● Work to complete: Leaving out every picture, quote the data below exactly as it appears.

● Input records:
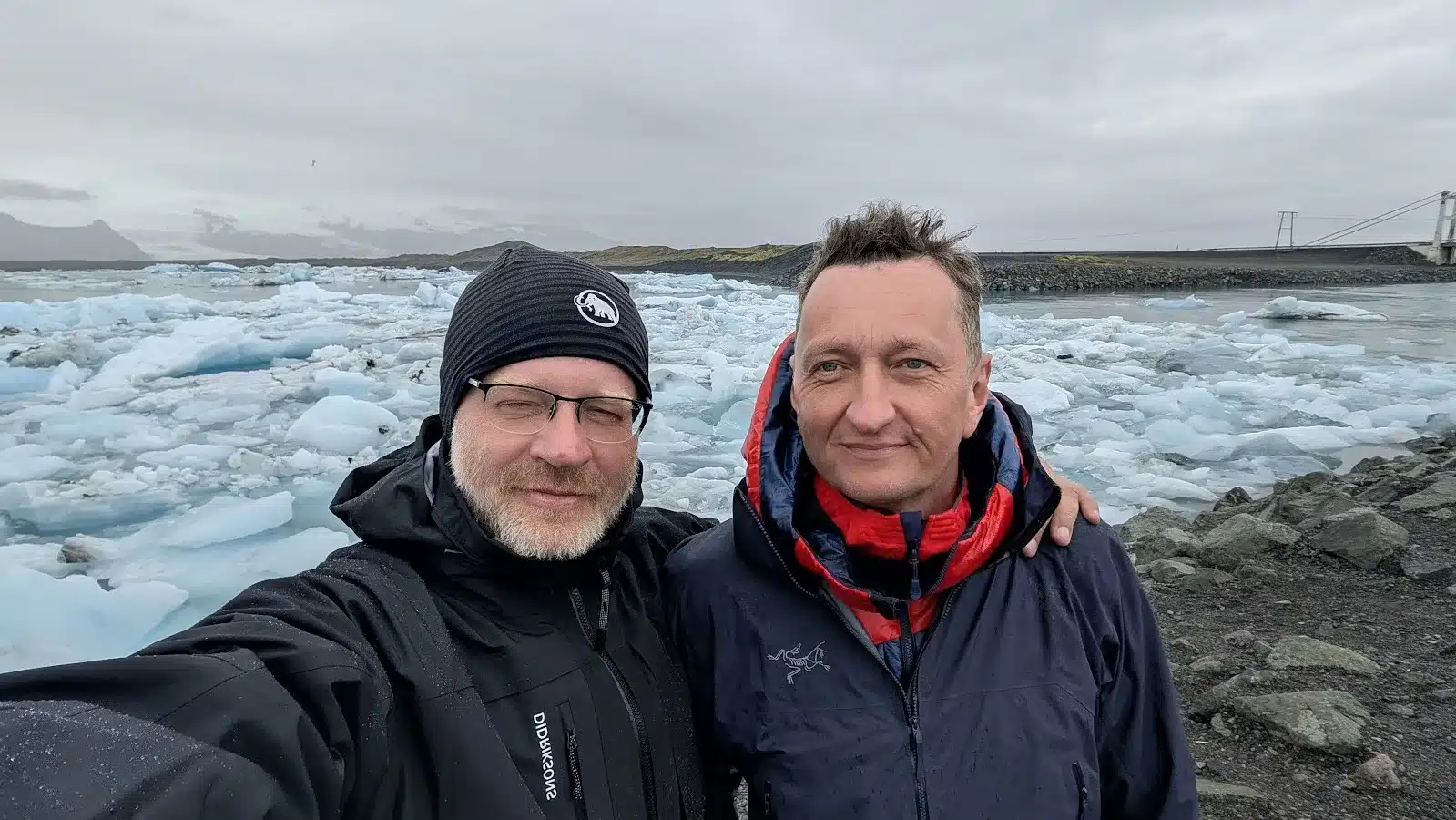 Two friends smiling at a glacier lagoon with floating icebergs, Iceland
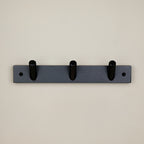 Porte-manteau en bois noir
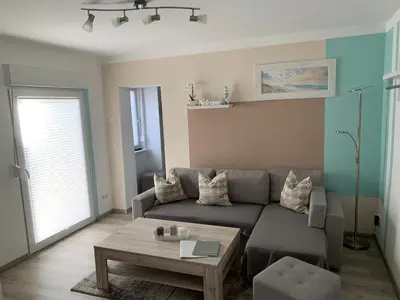 Ein Sitzbereich in der Unterkunft Ferienwohnung Blume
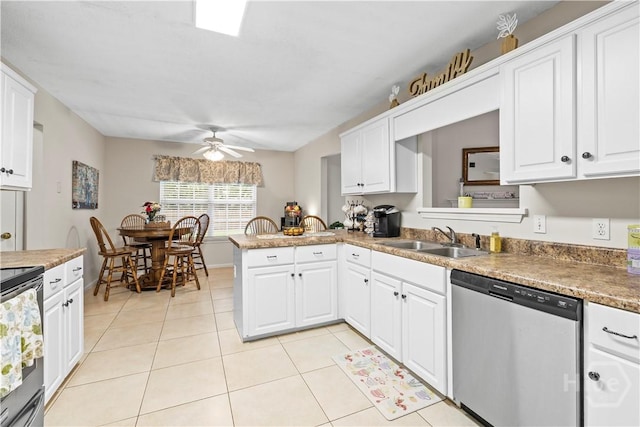 11 Rialto Ct, Pooler, GA 31322 - kitchen featuring appliances with stainless steel finishes, light tile patterned flooring, ceiling fan, white cabinetry, and a peninsula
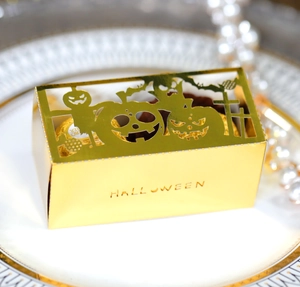 Detail of hollow pumpkin design on golden Halloween candy box with HALLOWEEN text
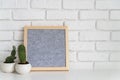 Gray square mock up felt letter board with small succulents on white brick background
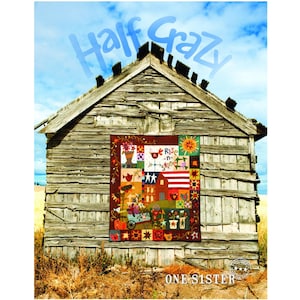 May include: A colorful quilt with a patchwork design, featuring various patterns and images, including a sun, birds, and stars, hangs on a weathered wooden structure. The words "Half Crazy" are written across the top in blue, with the words "Rise -n- Shine" on the quilt.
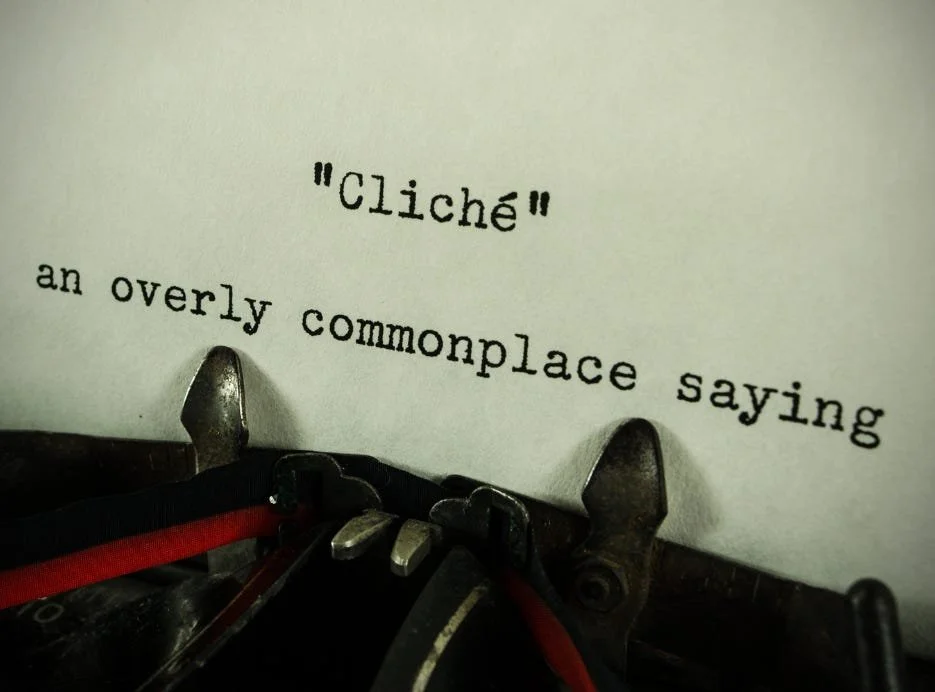 a close up of a type written page still in the type writer. It reads, "Cliche" and on the second line it reads, "an overly commonplace saying."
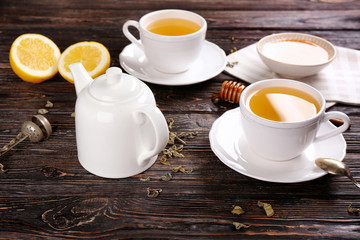 Obraz na płótnie Canvas Beautiful composition with cups of cinnamon tea on wooden table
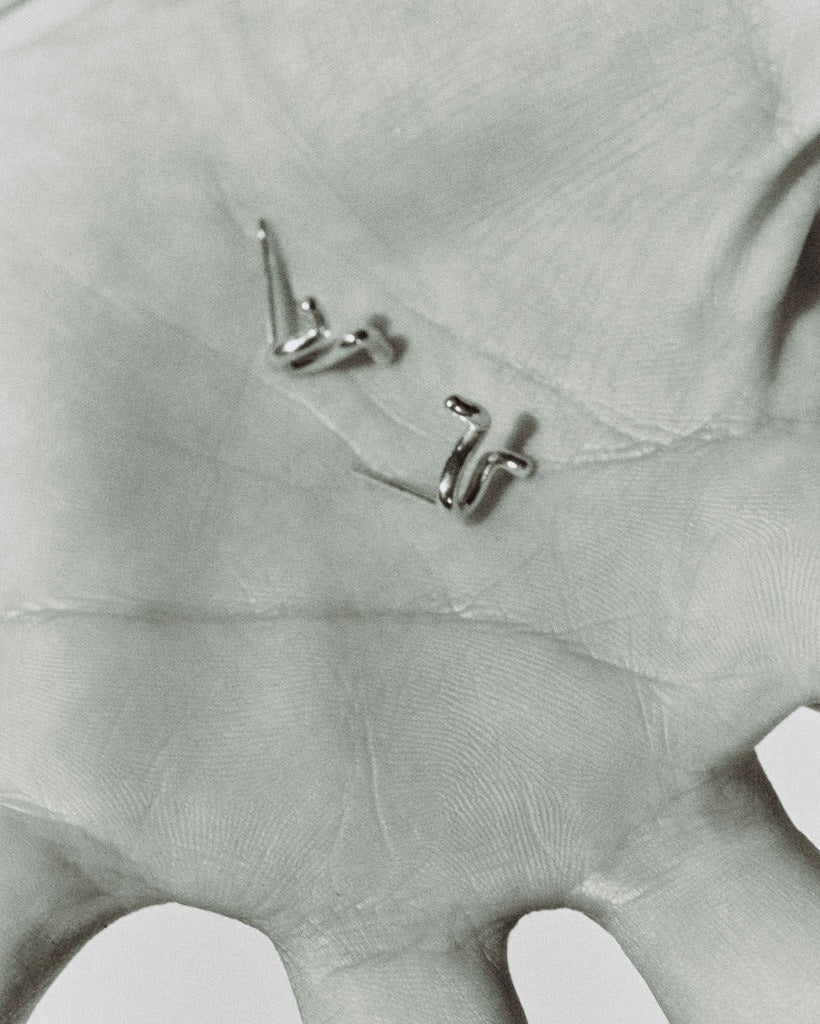 AGMES 0.925 sterling silver small twisted stud earrings.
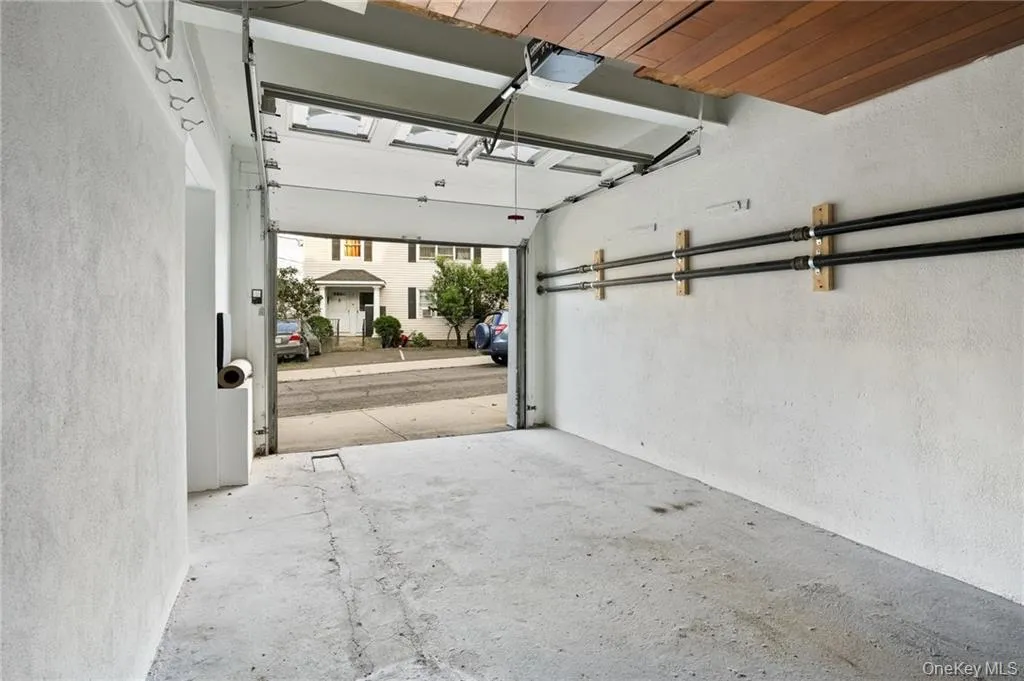Garage featuring a textured wall and wooden ceiling Garage featuring a textured wall and wooden ceiling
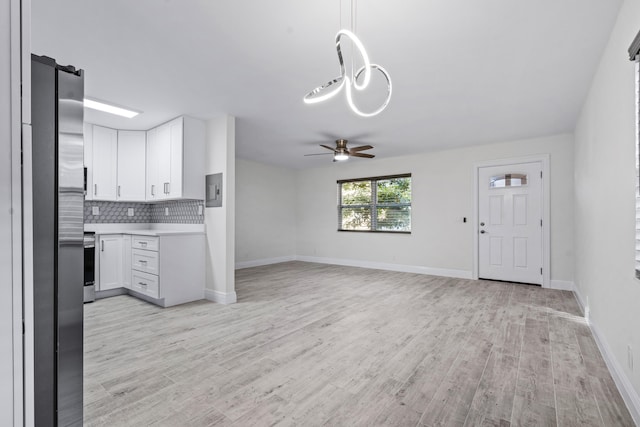 kitchen featuring appliances with stainless steel finishes, white cabinets, light wood-type flooring, and decorative backsplash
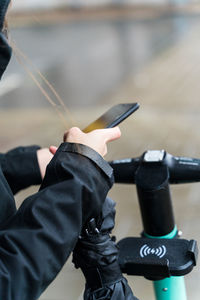 Midsection of woman using mobile phone outdoors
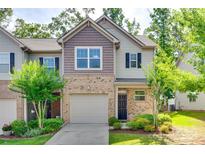 Charming townhome exterior with brick accents, attached garage, and manicured lawn at 5033 Mockernut Ln, Indian Land, SC 29707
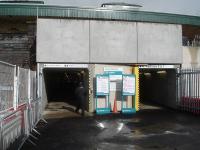 The current south side entrances to Cardiff Central, making use of the east end subway, with the right side entrance for Valley line platforms 6 & 7 only and the left side entrance for all other platforms. To the right of the entrance is a section of the new retaining wall being created forward of the old one to make space for an extra running line through the new platform 8, being created to the left of view.<br><br>[David Pesterfield 13/02/2014]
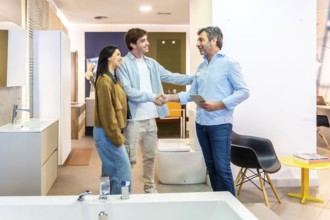 Couple shaking hands with salesman in a bathroom furniture store, finalizing purchase agreement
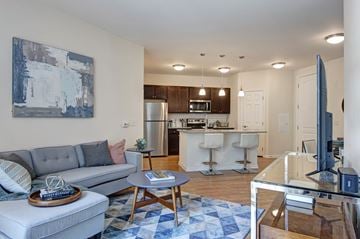 Bala Cynwyd apartment for rent - A modern living room with a grey sofa and a wooden coffee table.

● Problem solution:
 Two friends smiling at a glacier lagoon with floating icebergs, Iceland
 Porte-manteau en bois noir
 Ein Sitzbereich in der Unterkunft Ferienwohnung Blume
 11 Rialto Ct, Pooler, GA 31322 - kitchen featuring appliances with stainless steel finishes, light tile patterned flooring, ceiling fan, white cabinetry, and a peninsula
 Detail of hollow pumpkin design on golden Halloween candy box with HALLOWEEN text
 Gray square mock up felt letter board with small succulents on white brick background
 May include: A colorful quilt with a patchwork design, featuring various patterns and images, including a sun, birds, and stars, hangs on a weathered wooden structure. The words "Half Crazy" are written across the top in blue, with the words "Rise -n- Shine" on the quilt.
 a close up of a type written page still in the type writer. It reads, "Cliche" and on the second line it reads, "an overly commonplace saying."
 Obraz na płótnie Canvas Beautiful composition with cups of cinnamon tea on wooden table
 AGMES 0.925 sterling silver small twisted stud earrings.
Garage featuring a textured wall and wooden ceiling Garage featuring a textured wall and wooden ceiling
 kitchen featuring appliances with stainless steel finishes, white cabinets, light wood-type flooring, and decorative backsplash
 Midsection of woman using mobile phone outdoors
 Charming townhome exterior with brick accents, attached garage, and manicured lawn at 5033 Mockernut Ln, Indian Land, SC 29707
 The current south side entrances to Cardiff Central, making use of the east end subway, with the right side entrance for Valley line platforms 6 & 7 only and the left side entrance for all other platforms. To the right of the entrance is a section of the new retaining wall being created forward of the old one to make space for an extra running line through the new platform 8, being created to the left of view.<br><br>[David Pesterfield 13/02/2014]
 Couple shaking hands with salesman in a bathroom furniture store, finalizing purchase agreement
 Bala Cynwyd apartment for rent - A modern living room with a grey sofa and a wooden coffee table.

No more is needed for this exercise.